Encoding, communicating and rendering video tracks is expensive. This is very noticeable in multiparty applications when the number of participants is large. For example, in a room with 20 participants, it is generally a bad idea to have all the participants rendering 20 high resolution video tracks. That could contribute to network congestion and will overload the client CPU resources making the quality of experience unacceptable. Instead, well-designed videoconferencing services tend to limit the number of rendered video tracks to the ones that are really required. For example, in an e-learning application, it doesn't provide much value having all the students rendering the video of the rest of the students all the time. It is more reasonable to do it only in special situations such as when a question is being asked by that specific participant. In that case, developers must make use of the Network Bandwidth Profile API, which dynamically adjusts to the dominant speaker and rendered size of the participants who are displayed on screen. In addition, the Network Bandwdith Profile API can automatically switch off video tracks that are not visible on screen.

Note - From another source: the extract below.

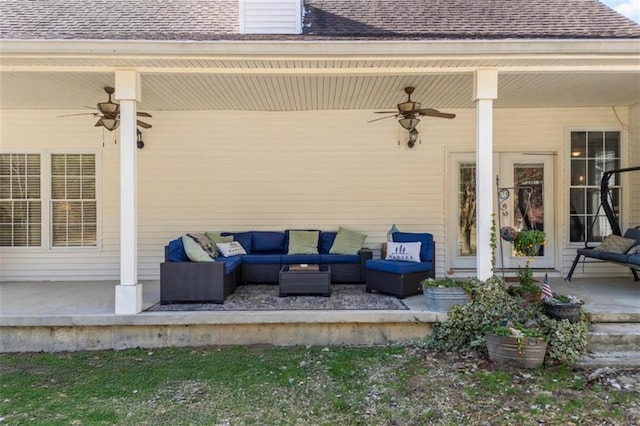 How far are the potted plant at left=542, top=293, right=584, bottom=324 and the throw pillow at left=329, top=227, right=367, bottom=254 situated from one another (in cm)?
267

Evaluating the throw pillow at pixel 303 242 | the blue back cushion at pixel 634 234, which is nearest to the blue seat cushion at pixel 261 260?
the throw pillow at pixel 303 242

Make it simple for end-users to mute

Your application should provide mute capabilities to end-users so that they can disable the video or audio communication as they wish. This will avoid unnecessary traffic and background noise.

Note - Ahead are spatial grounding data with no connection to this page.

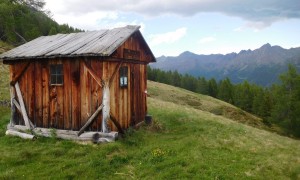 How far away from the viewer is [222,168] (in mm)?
12414

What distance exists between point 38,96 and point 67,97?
2140 mm

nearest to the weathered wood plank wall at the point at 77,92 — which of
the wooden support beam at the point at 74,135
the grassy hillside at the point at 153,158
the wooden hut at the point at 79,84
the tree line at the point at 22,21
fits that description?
the wooden hut at the point at 79,84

Use VP8 Simulcast in multiparty Group Rooms

Multiparty Group Rooms participants should prefer VP8 Simulcast over other video codecs. The larger the number of participants in a room, the more important Simulcast is for providing the best possible quality of experience.

Use a reasonable resolution and frame-rate

Frame-rate and resolution are the two main capture constraints that affect video fidelity. When the video source is a camera showing people or moving objects, typically the perceptual quality is better at higher frame-rate. However, for screen-sharing, the resolution is typically more relevant. You should try to set resolution and frame-rate to the minimum value required by your use-case. Over-dimensioning resolution and frame-rate will have a negative impact on the CPU and network consumption and may increase latency. In addition, remember that the resolution and frame-rate you specify as capture constraints are just hints for the client video engine. The actual resolution and frame-rate may decrease if CPU overuse is detected or if the network capacity is not enough for the required traffic.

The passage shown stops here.